A walk down Grafton Street, Dublin’s most popular street

In addition to visiting some of its museums and monuments, strolling through the streets of Dublin is an experience that you should not forget. And here we are going to talk about Grafton Street, one of the main streets of the city, which together with O’Connell Street constitutes the best shopping area in Dublin.

Grafton Street starts from around Trinity College and ends next to St Stephen’s Green, one of Dublin’s most famous parks.

Strolling down Grafton Street will immerse you in the Irish atmosphere of street music and shops.

Grafton Street Shops

Dublin - Grafton StreetIn this bustling Dublin street, which is also pedestrianized so you can walk it without traffic and car noise problems, you can find the most important luxury shops in the city, but also other more affordable ones for all audiences.

Along the street, among street performers and many Dubliners and tourists shopping, you will come across numerous shops.
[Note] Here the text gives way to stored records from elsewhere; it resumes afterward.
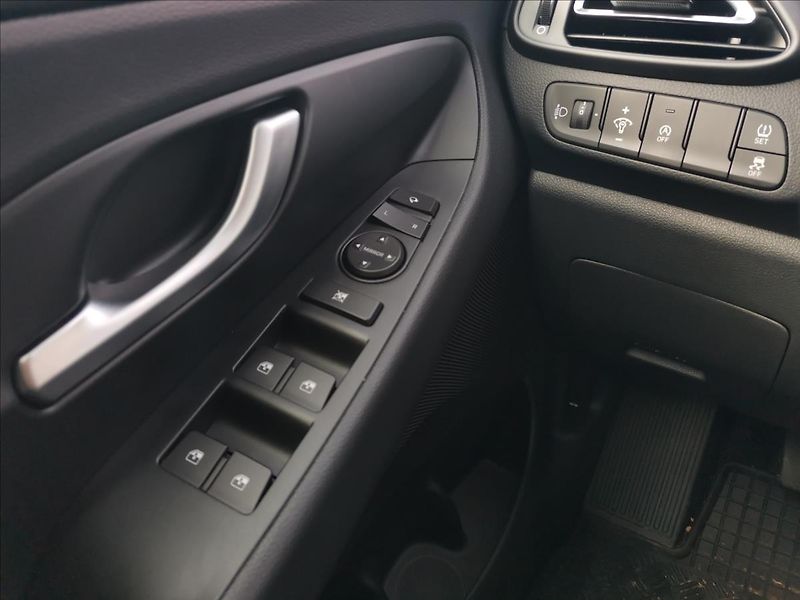 Hyundai i30 1,0 T-GDI Smart - fotka 11 z 17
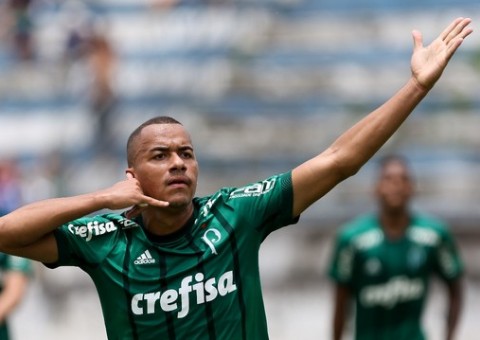 Palmeiras vence Vasco com jogada de Papagaio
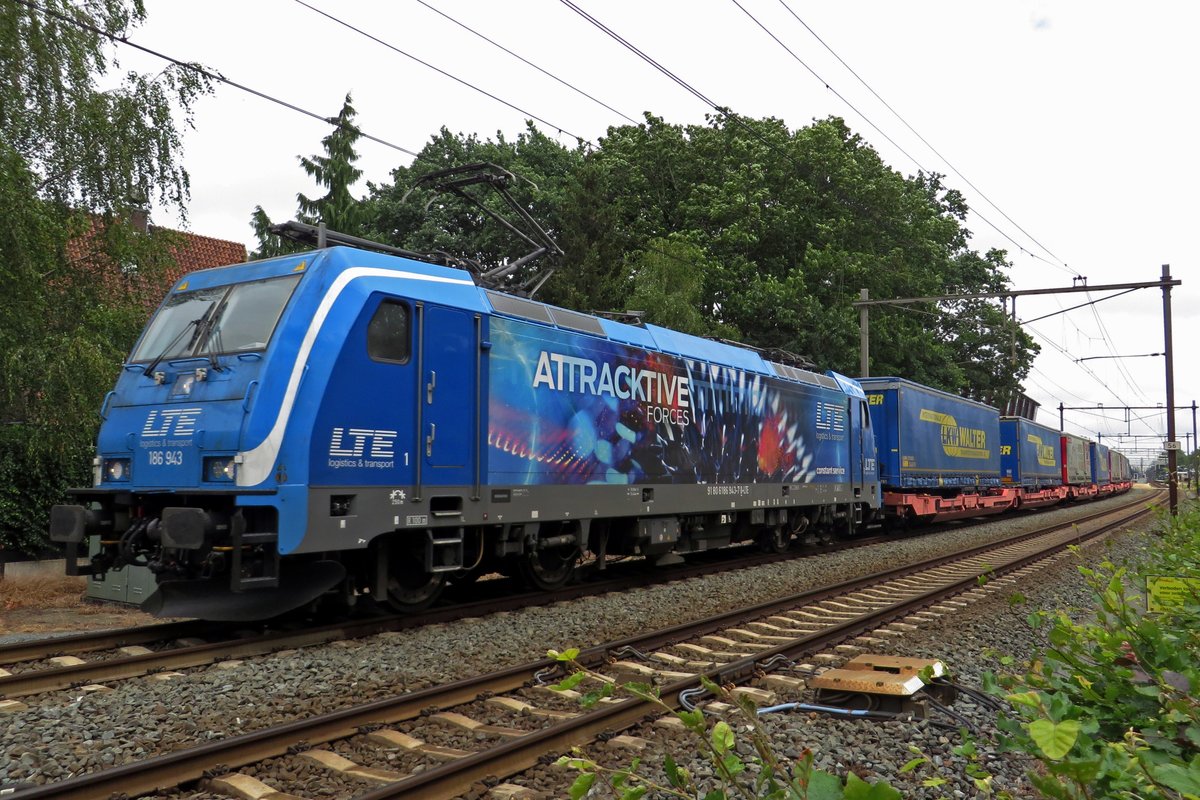 LTE 186 943 wirbt für AtTRACtive Forces beim Passage von Wijchen mit der Rzepin-Shuttle am 5 Juli 2020.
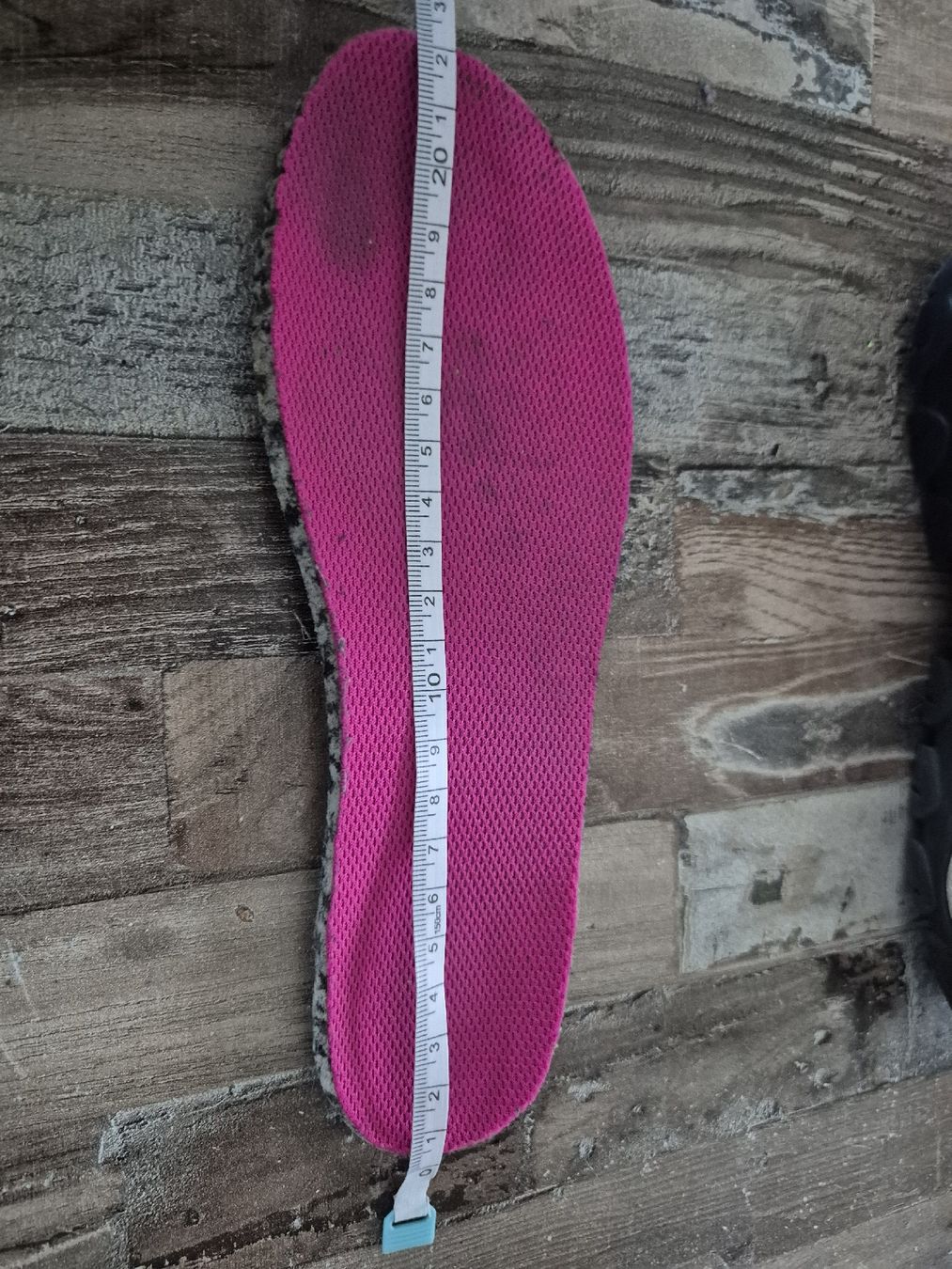 Decathlon Scarpe per ragazze: queschua Wanderschuh 22cm – Usato da Balsthal venduto da Cunny 2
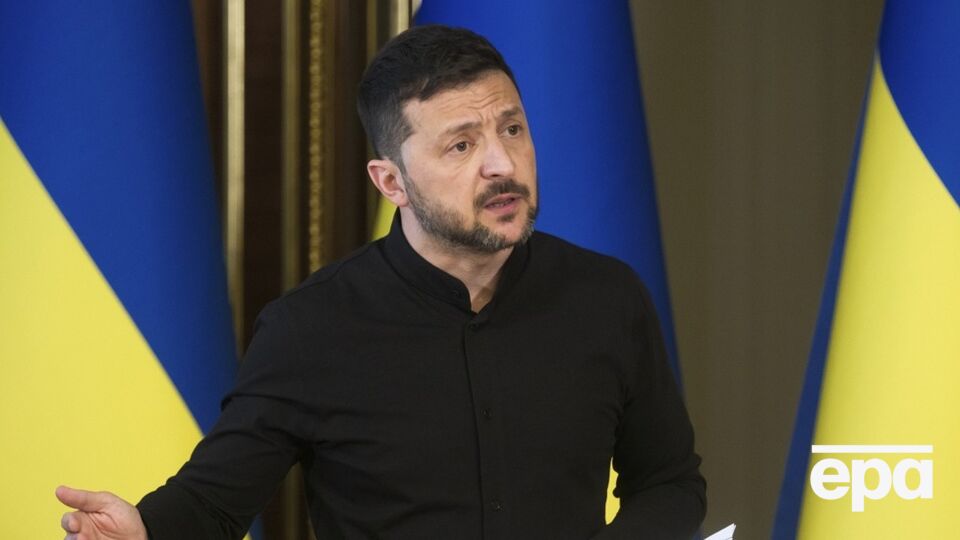Зеленский рассказал, что едет с делегацией, однако не уточнил ее состав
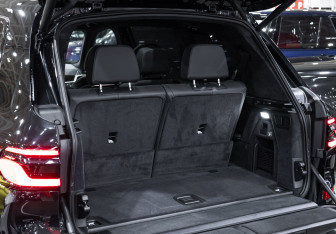 Подержанный автомобиль BMW X7 2023 года (12 фото)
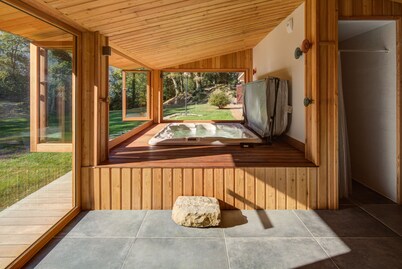 Architect's house not overlooked in the Ossau valley, spa & sauna, 7000m2 park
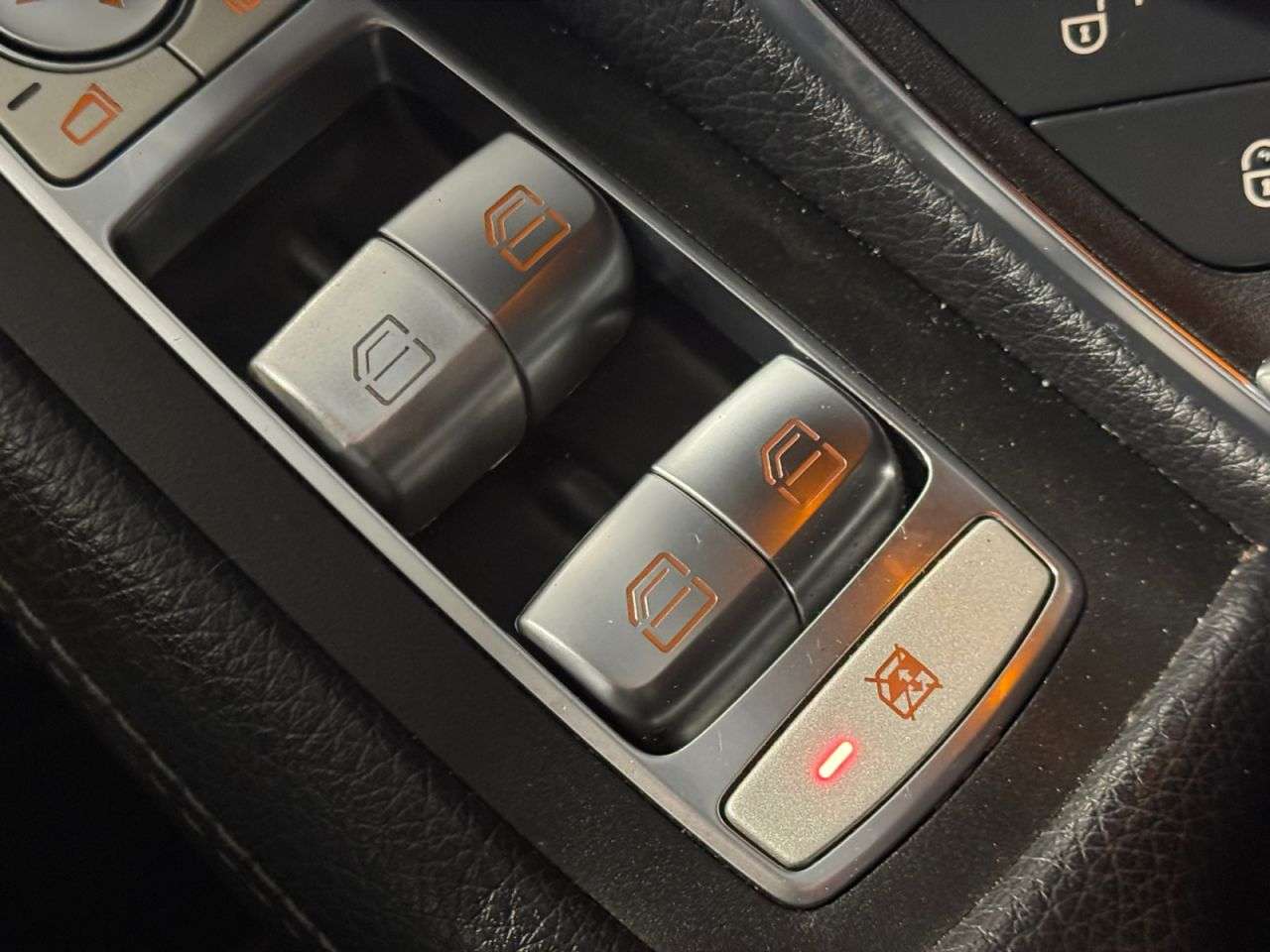 2017 MERCEDES-BENZ C CLASS 2017 MERCEDES-BENZ C CLASS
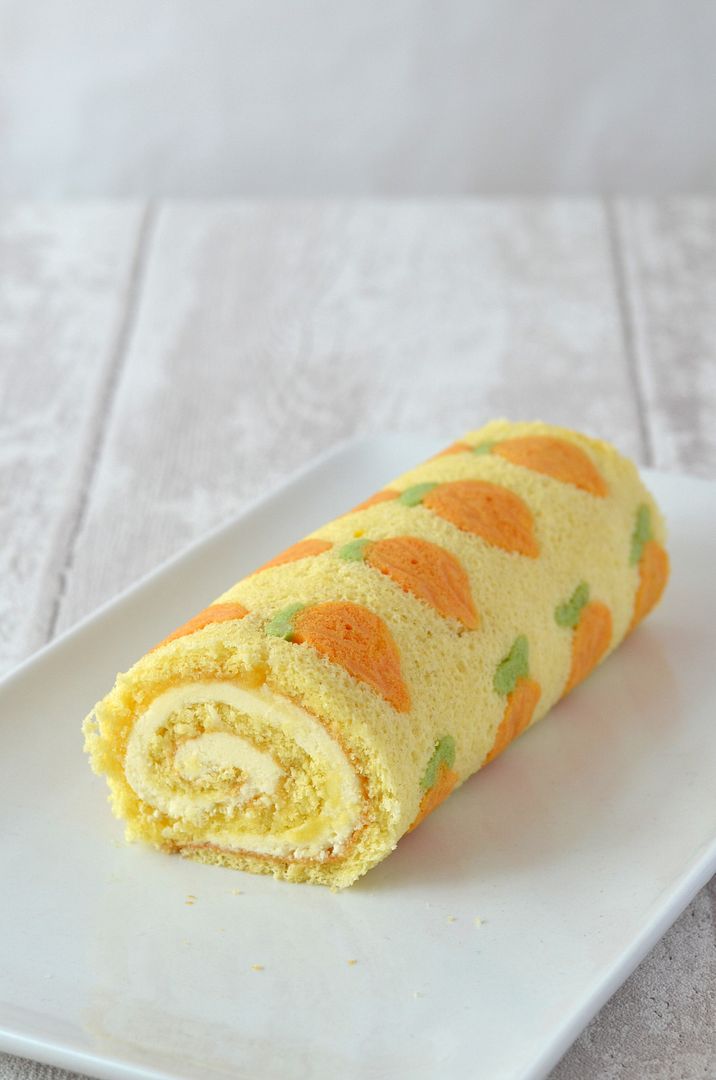 Lemon Curd Swiss Roll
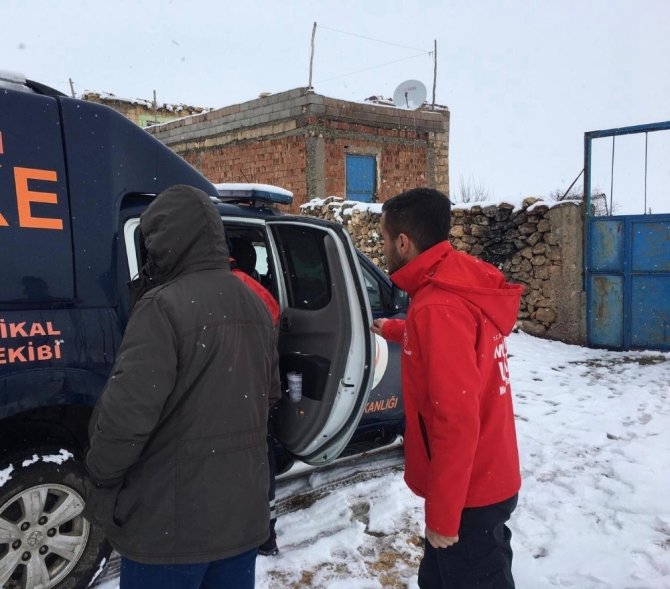 Kardan yolu kapanan mahallelerde 25 hasta hastaneye ulaştırıldı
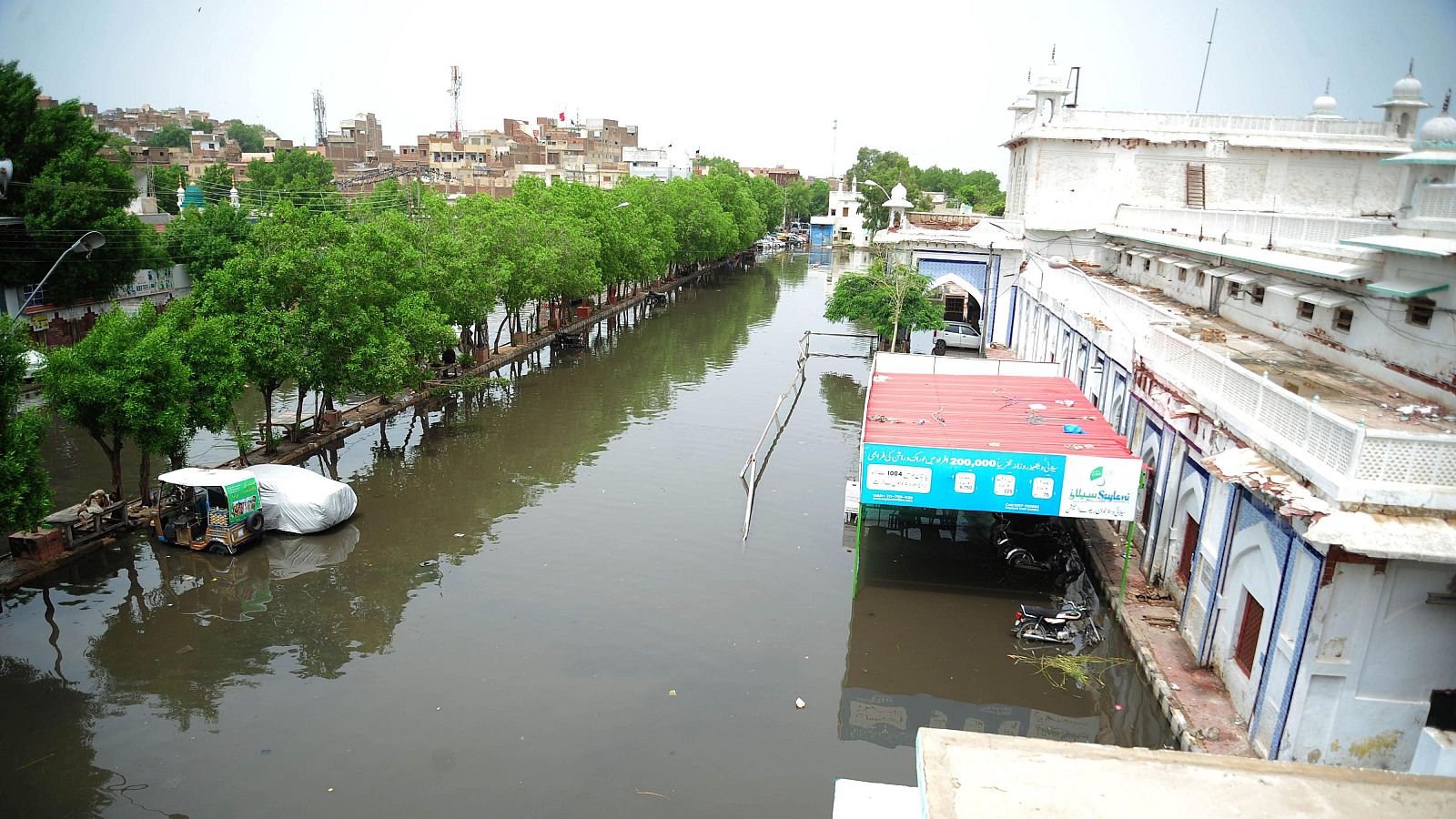 Al menos 63 muertos como consecuencia de las lluvias torrenciales en Pakistán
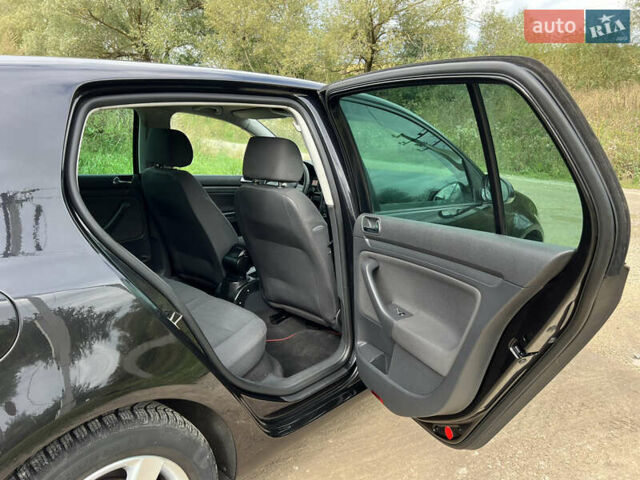 Черный Фольксваген Гольф, объемом двигателя 1.4 л и пробегом 175 тыс. км за 4900 $, фото 27 на Automoto.ua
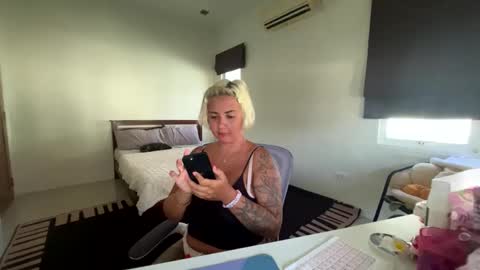 Snapshot of _morpho_ chatting on January 8, 8:16 am Francine Aisi Morpho - a genus of blue butterflies. online show from January 8, 8:16 am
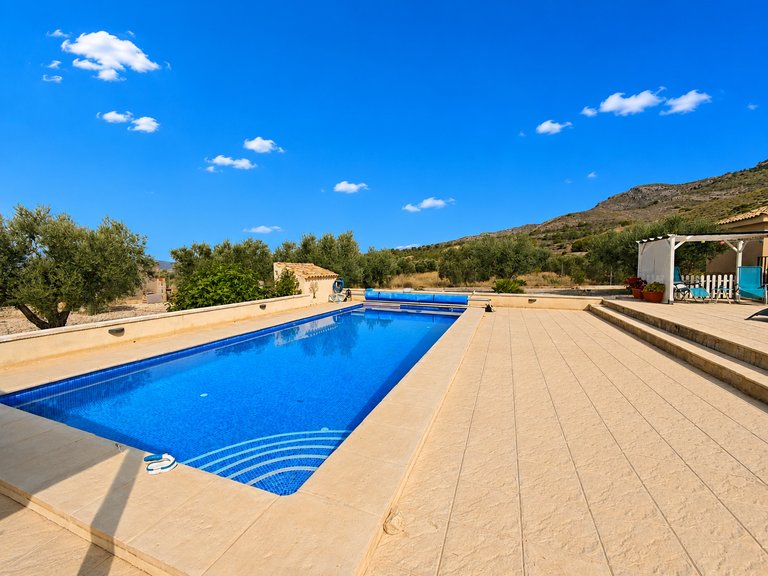 Villa for Sale in Inland Sax, Alicante 16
The most exclusive are in the Brown Thomas Dublin, a shopping arcade where you can buy all kinds of luxury products and where there are also some restaurants.

At the end of the street there is another shopping center, this one for all budgets, where there are also various restaurants. This is Stephen’s Green Shopping Center, whose exterior is very striking thanks to its white sheets that decorate it.

In the surrounding streets there are numerous pubs and restaurants, which help to increase the intense atmosphere of the area.

Also not to be missed is Bewleys’s Oriental Café, located on Grafton Street itself, which since 1927 has attracted numerous visitors to one of Dublin ‘s prettiest cafés.

What to see in Grafton Street. Molly Malone

dublin-statue-molly-maloneNear the beginning of the street on the north side is the famous Molly Malone Statue, a symbol of Dublin.

She is the leading lady in one of Ireland ‘s most famous folk songs. This song tells the story of Molly Malone, a fishmonger who used to go around town selling cockles and mussels but who worked as a prostitute at night.

This statue stands on Suffok Street, about 100 meters from Grafton Street, which was where it previously stood but was moved due to tramway construction work.

Legend has it that after dying of fever in the middle of the street, his ghost is currently walking around Dublin. The truth is that it is not even known if it really existed.